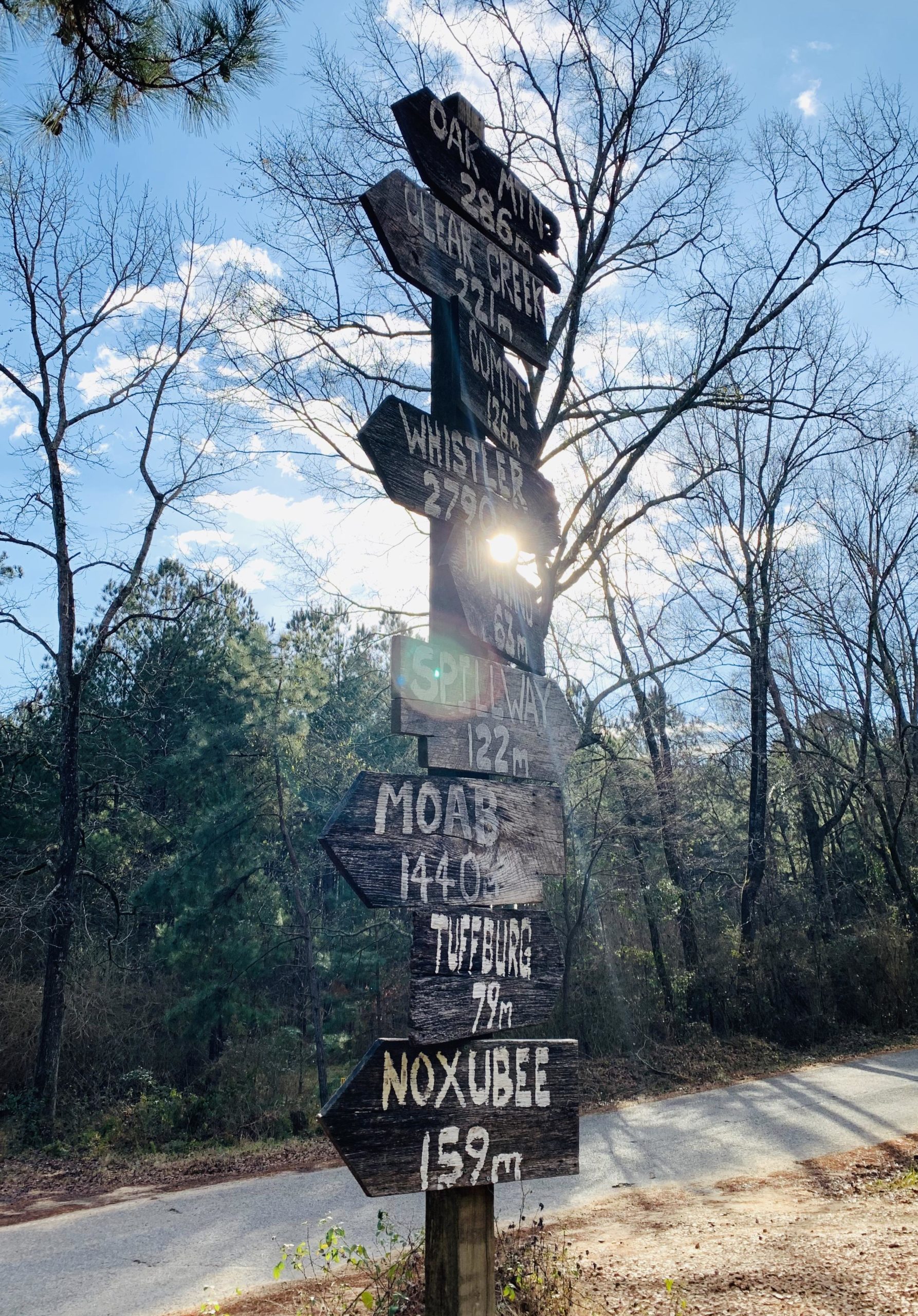 A weathered wooden signpost with multiple directional arrows pointing towards various locations and distances, set against a blue sky with scattered clouds and trees in the background. The sign indicates distances to destinations such as Oak Mountain, Clear Creek, and Moab, among others. Sunlight shines through the sign, creating a glowing effect. Mt. Zion Bike Trails mountain bike trail.
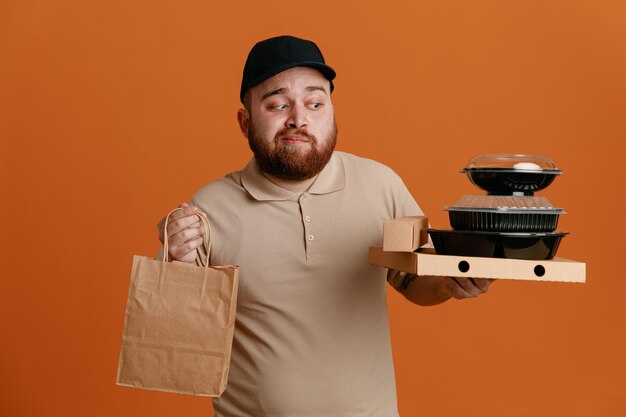 Dipendente dell'uomo delle consegne in berretto nero e uniforme di maglietta vuota che tiene contenitori per alimenti con sacchetto di carta che guarda da parte con espressione scettica in piedi su sfondo arancione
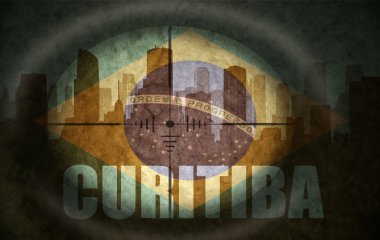 sniper scope aimed at the abstract silhouette of the city with text Curitiba at the vintage brazilian flag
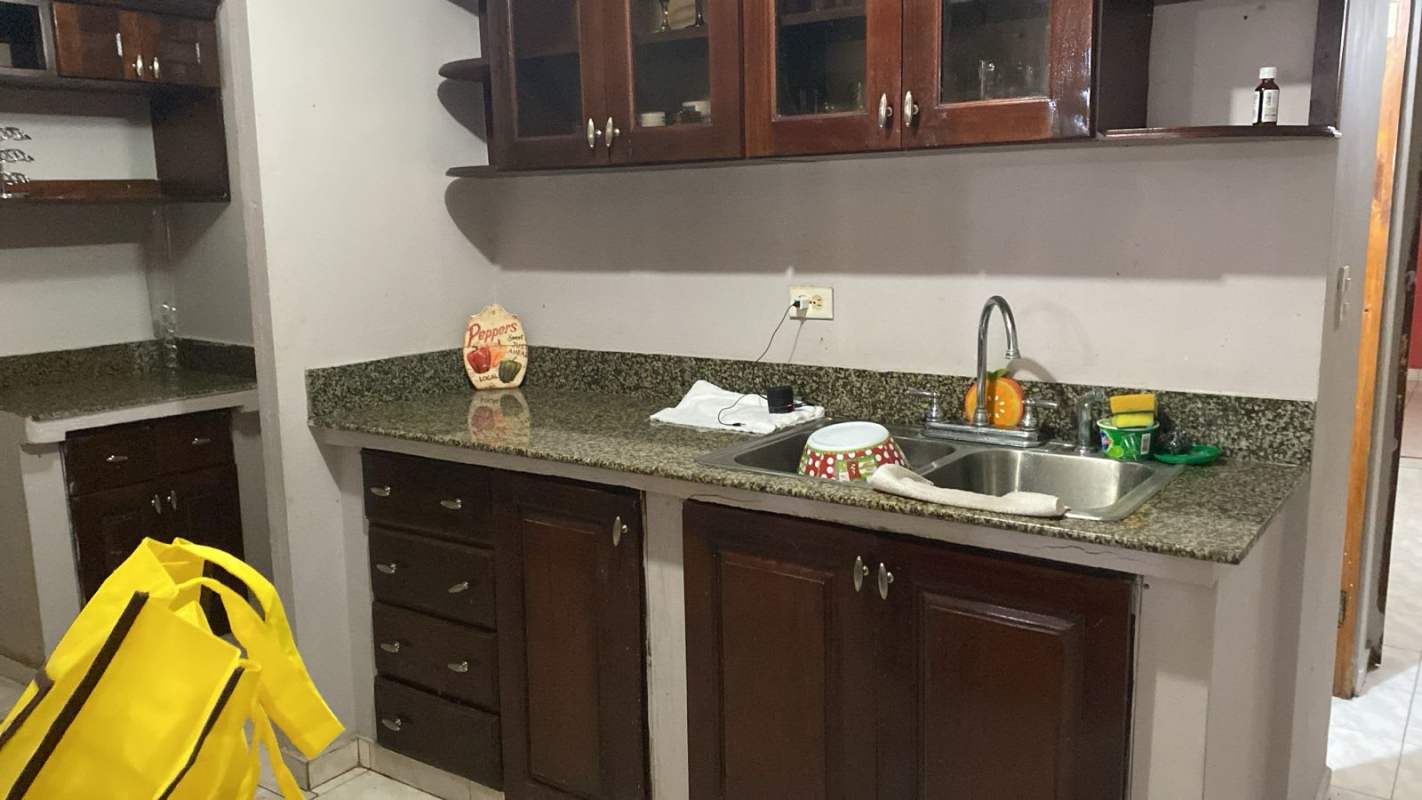 Close-up of traditional kitchen granite counters, cabinets Buena Vista Tocumen Panama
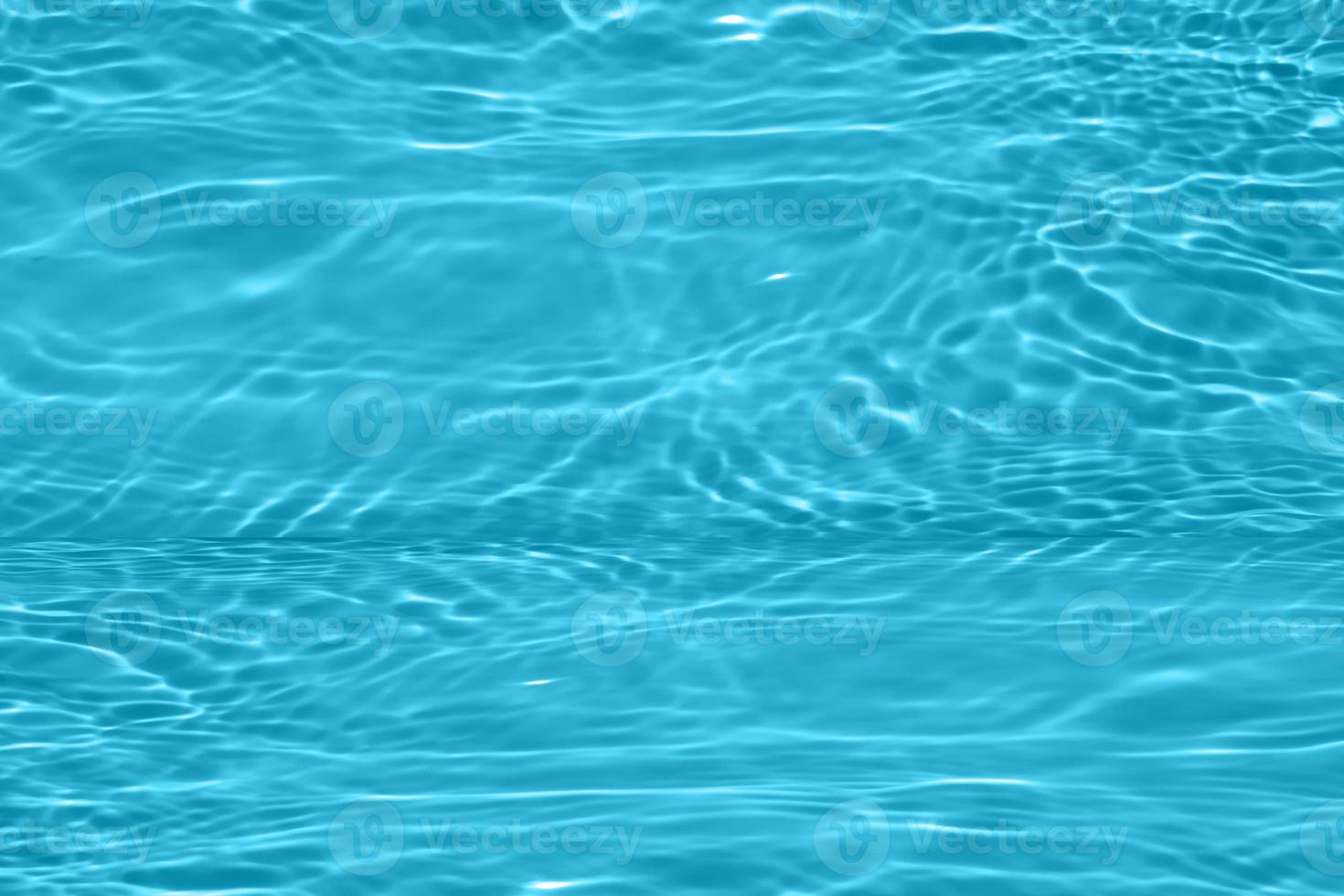 Defocus blurred blue water shining in the swimming pool. rippled water detail background. The water surface in the sea, ocean background. Water wave under sea texture background. photo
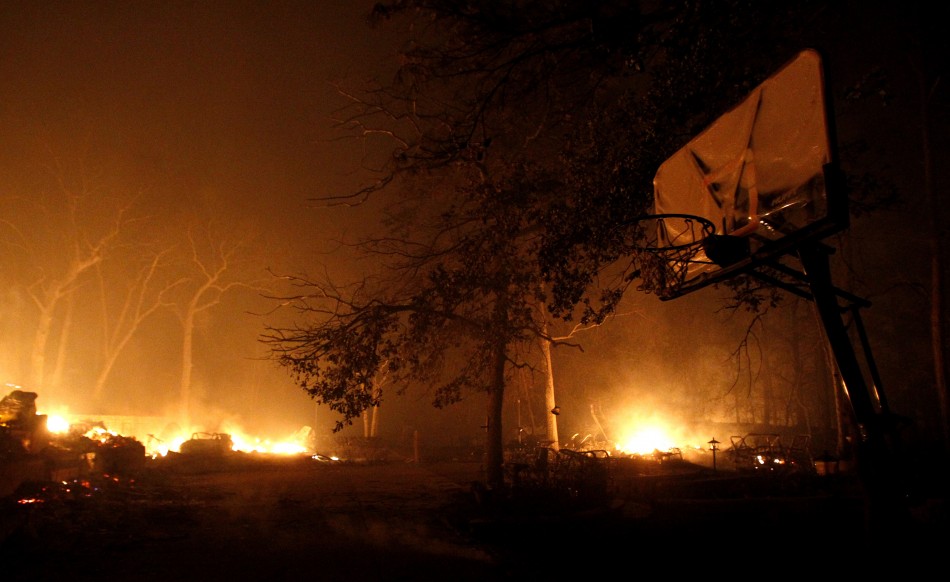 A basketball net can be seen in the foreground as a home burns near Bastrop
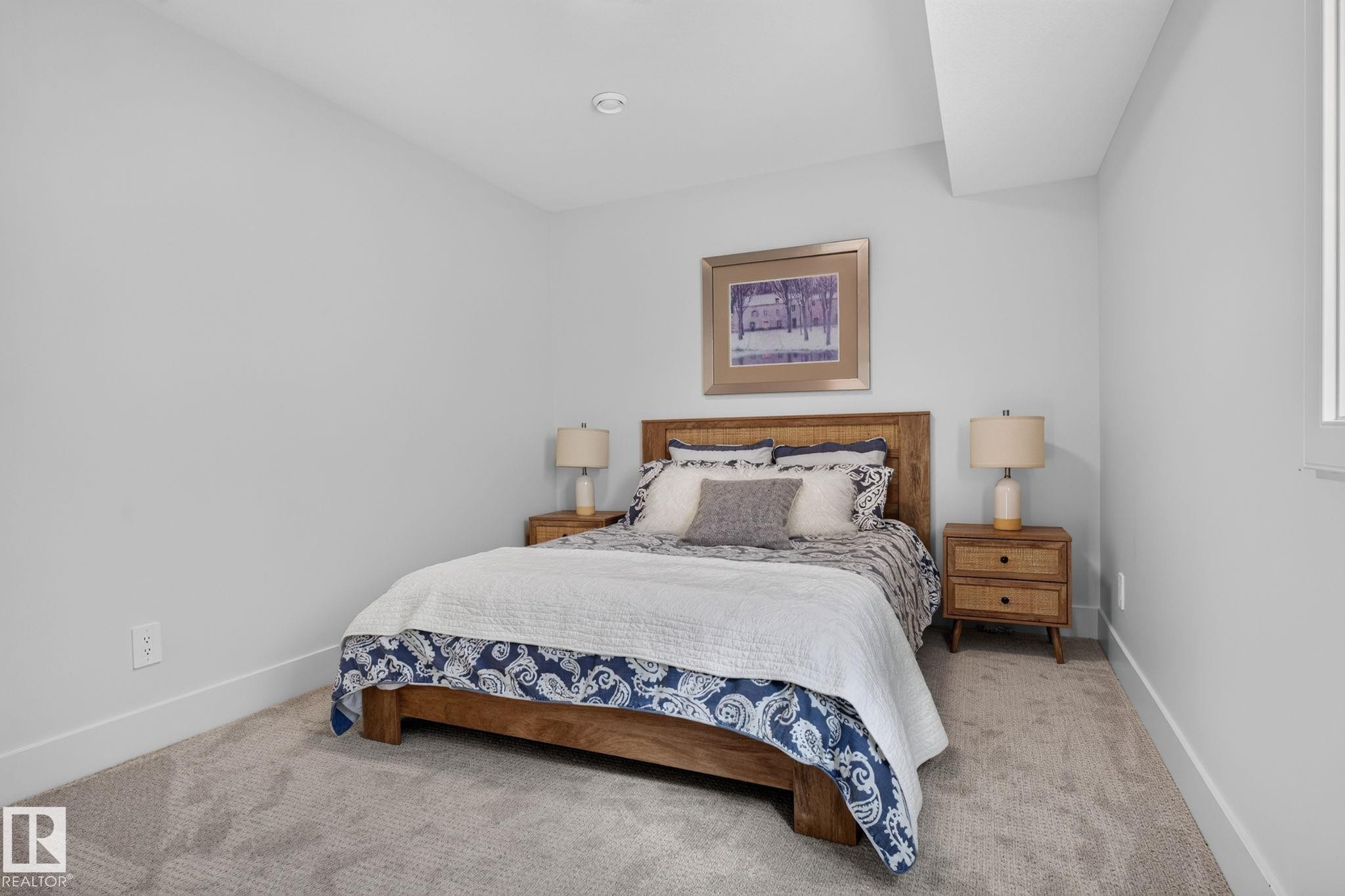 Spacious room featuring light-toned carpeting, ample natural light from a side window, and recessed ceiling lighting - 14 Jane Point(E), St. Albert, AB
----------
Working down from the line with "Dipendente dell'uomo delle", copy each line exactly until the last line of the entries, which is also included. Omit the pictures.

 Dipendente dell'uomo delle consegne in berretto nero e uniforme di maglietta vuota che tiene contenitori per alimenti con sacchetto di carta che guarda da parte con espressione scettica in piedi su sfondo arancione
 sniper scope aimed at the abstract silhouette of the city with text Curitiba at the vintage brazilian flag
 Close-up of traditional kitchen granite counters, cabinets Buena Vista Tocumen Panama
 Defocus blurred blue water shining in the swimming pool. rippled water detail background. The water surface in the sea, ocean background. Water wave under sea texture background. photo
 A basketball net can be seen in the foreground as a home burns near Bastrop
 Spacious room featuring light-toned carpeting, ample natural light from a side window, and recessed ceiling lighting - 14 Jane Point(E), St. Albert, AB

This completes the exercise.